I see only disk.file_format is mishandled and causing the resource update.

ipv4_addresses, ipv6_addresses, network_interface_names are computed attributes, their values are retrieved from the VM, hence (known after apply) status. They are not to be updated in-place (i.e. in the VM), but marked with ~ as potentially to be updated in the TF state with the new values after apply.

@robcxyz
Copy link

robcxyz commented Aug 26, 2024

I was also getting architecture creating a diff to be updated in-place but then after using an image with qemu agent pre-installed the diff went away.

Edit: Actually getting a diff now after adding a few more VMs on the architecture. Not sure why I thought this was resolved before since I remember specifically testing if I got a diff after another apply.

      ~ cpu {
          + architecture = "x86_64"
            # (9 unchanged attributes hidden)
        }

So this definitely seems like a bug.

@windowsrefund
Copy link
Contributor

@bpg While I can appreciate your comment about the values being "potentially" updated by the VM, this does have a bit of a "false positive" bug kinda feel to it. After all, terraform plan is saying it wants to make 1 change. In a professional environment, that's not going to cut it and once the constant explanations wear thin, the condition will just be known and referred to as "that buggy provider's problem". Not saying that's correct... just saying that's the perception when it comes to false positives like this.

After confirming each of these are just empty lists in the state, I guess I'm wondering why they'd need to exist in the state to begin with? Granted, my question relates specifically to a template which has not been created with a initialization block like above.

@GeorgeGedox
Copy link

I also always seem to get the architecture to be updated on new machines even when the cpu architecture is specifically set in the config

 # (30 unchanged attributes hidden)

      ~ cpu {
          + architecture = "x86_64"
            # (9 unchanged attributes hidden)
        }

        # (7 unchanged blocks hidden)

@bpg
Copy link
Owner

bpg commented Sep 8, 2024

@windowsrefund

After all, terraform plan is saying it wants to make 1 change

Yes, this is the actual problem I mentioned regarding the file_format attribute.

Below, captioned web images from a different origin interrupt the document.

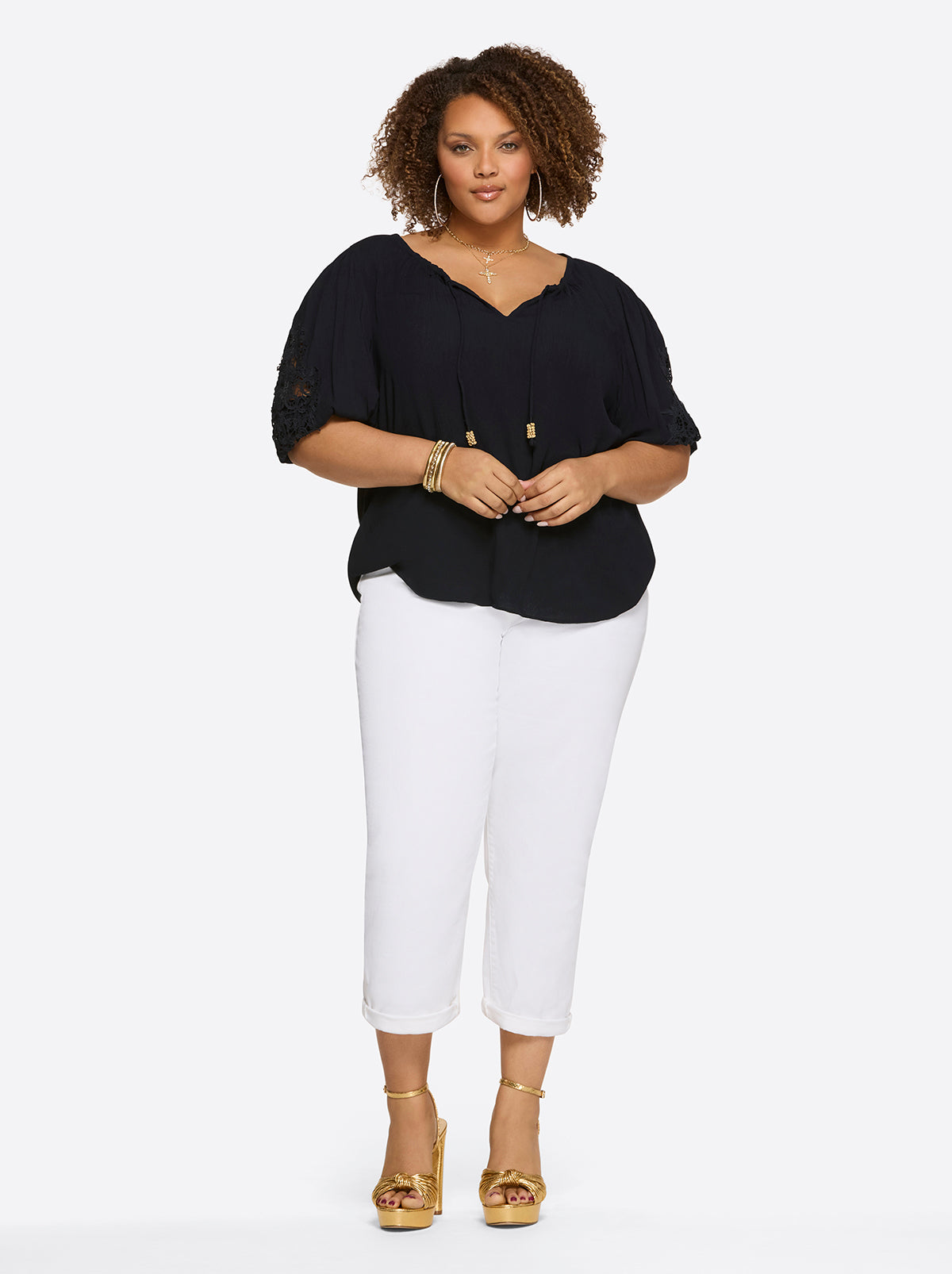 Jessica Simpson Women Sibyl Top in Night Sky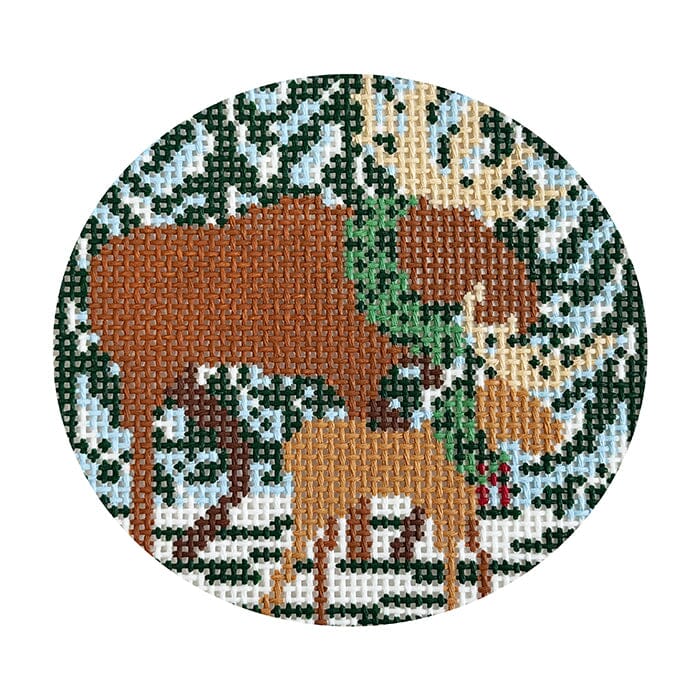 Walking in a Winter Moose-Land Round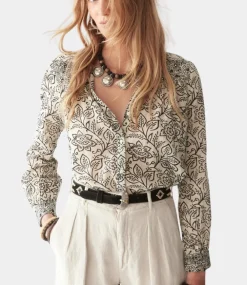 Maison Hotel Jasmine dylan blouse white lies JASMINE
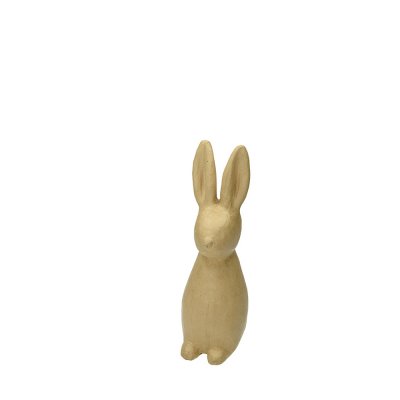 PappArt Figur Sittende kanin - 9x12x31 cm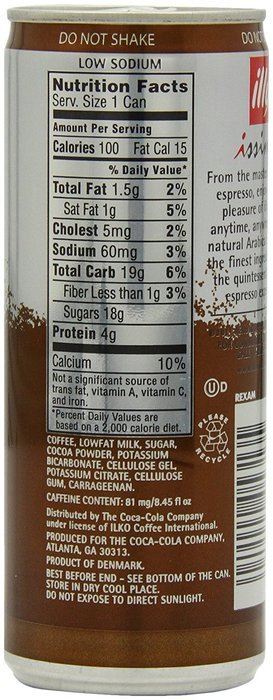 illy issimo Coffee Drink, Caff&egrave;, 6.8-Ounce Cans (Pack of 12) N47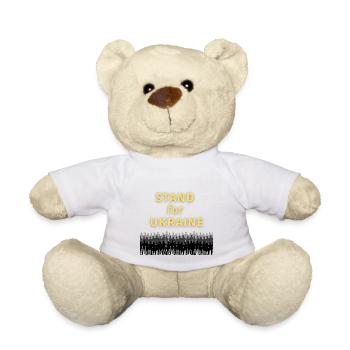 Stand with Ukraine World Peace Ukraine Russland - Teddy - Weiß - Vorne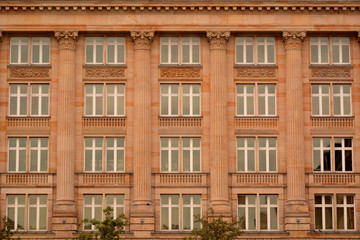 Obraz premium architecture styles in frankfurt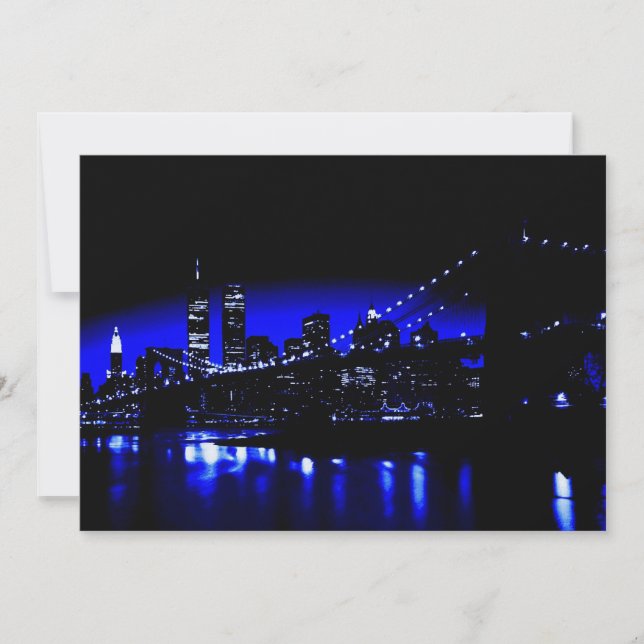 Blue New York City Invitation (Front)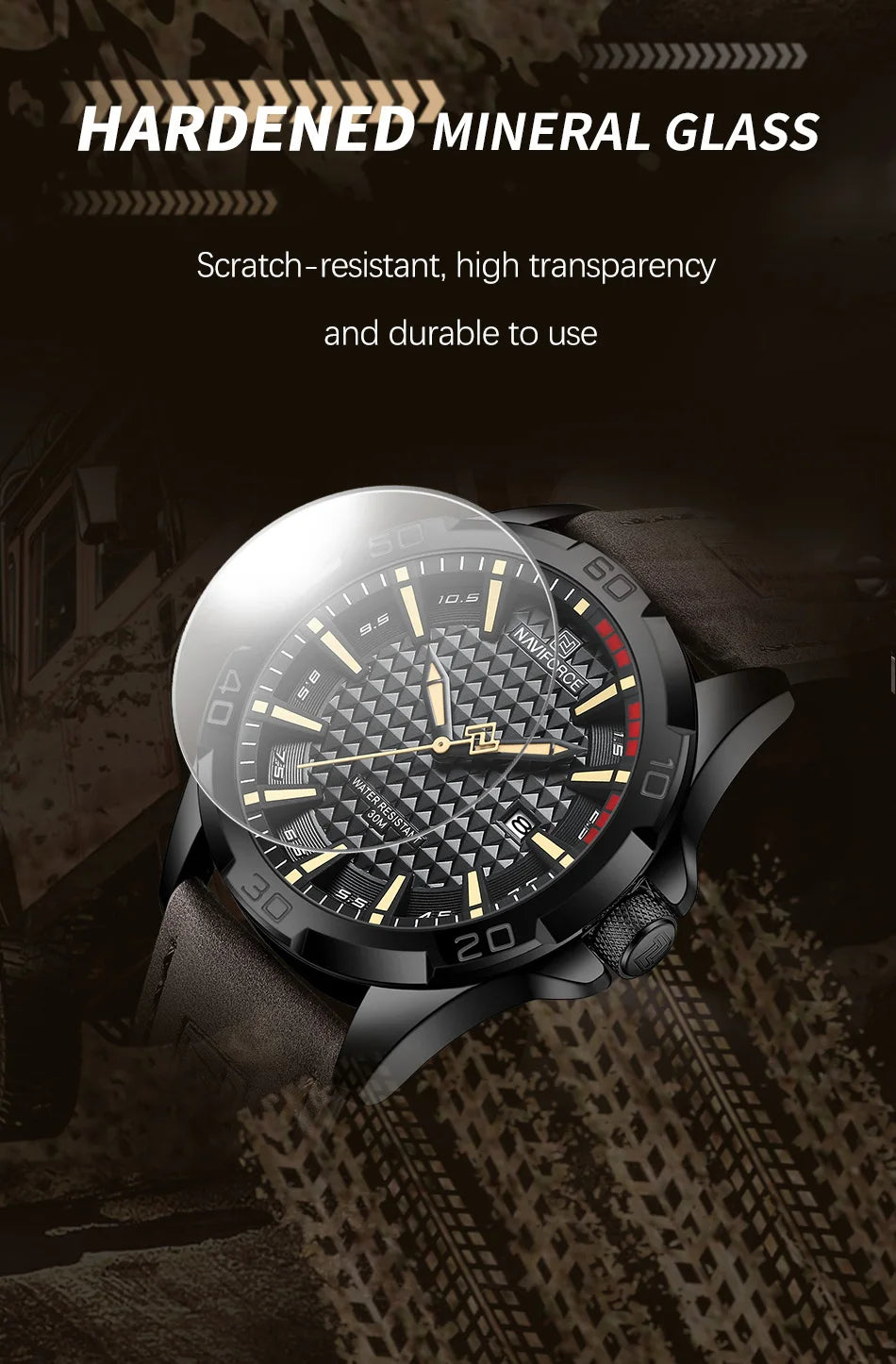 Men's Watch: Style, Toughness, Value!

After confirming each of these are just empty lists in the state, I guess I'm wondering why they'd need to exist in the state to begin with?

The fact that other attributes like ipv4_addresses are marked as "changed" (~) with the value (known after apply) is expected because those attributes are computed, and their values are not known during the plan. They are in the state because we want to retrieve them after the VM resource creation. But in your case, this is a template, and the VM is not started, so there are no IPs.

There is nothing wrong with the computed attributes; we use quite a lot of them. The problem lies with the "regular" attributes that change value when the provider reads them back from PVE after resource creation (mostly) or update (rarely). These cases are bugs, for sure, and they are present across many resources implemented using the old and deprecated Terraform Plugin SDK. These issues are not always straightforward to fix, as the old SDK does not provide the necessary methods to handle default values for attributes, which is a root cause of these discrepancies.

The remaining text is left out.